Shell announced Thursday that it made a near-record $28 billion last year, thanks to robust liquefied natural gas trading, despite growing concerns about the death and destruction caused by the use of fossil fuels.
Despite the massive profits, Shell has chosen to prioritize its shareholders over the environment and workers. The company raised its quarterly dividend by 4% and announced plans to repurchase an additional $3.5 billion of its own shares over the next three months.
In 2023, Shell distributed around $23 billion to its shareholders, equivalent to over 10% of the company’s market value. This emphasis on shareholder returns reflects a broader, disturbing trend within the fossil fuel sector, where investors are increasingly focused on securing profits amid the uncertain future of fossil fuels.

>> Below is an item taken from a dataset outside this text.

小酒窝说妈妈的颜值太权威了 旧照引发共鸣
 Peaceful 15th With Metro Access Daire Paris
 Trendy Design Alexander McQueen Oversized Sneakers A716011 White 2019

The company made 30% less than the previous year, largely attributed to lower chemical and refining profit margins and sluggish fuel sales amidst a global economy still reeling from the energy price surge caused by Russia’s invasion of Ukraine in 2022.
Notably, Shell stands out as the first major global energy company to release its 2023 full-year results. This announcement has driven the company’s stock up by 2.5% as of 1240 GMT, consistently outperforming its industry rivals with an impressive 8% increase over the past year.
Wael Sawan, who assumed the role of Chief Executive in January 2023, made a commitment to reshape Shell’s strategy. His approach centers on prioritizing higher-margin projects, maintaining stable oil production, and boosting natural gas output. As part of this strategic shift, Shell has embarked on company-wide staff reductions, including within its low-carbon solutions division, as it navigates the evolving landscape of the energy industry.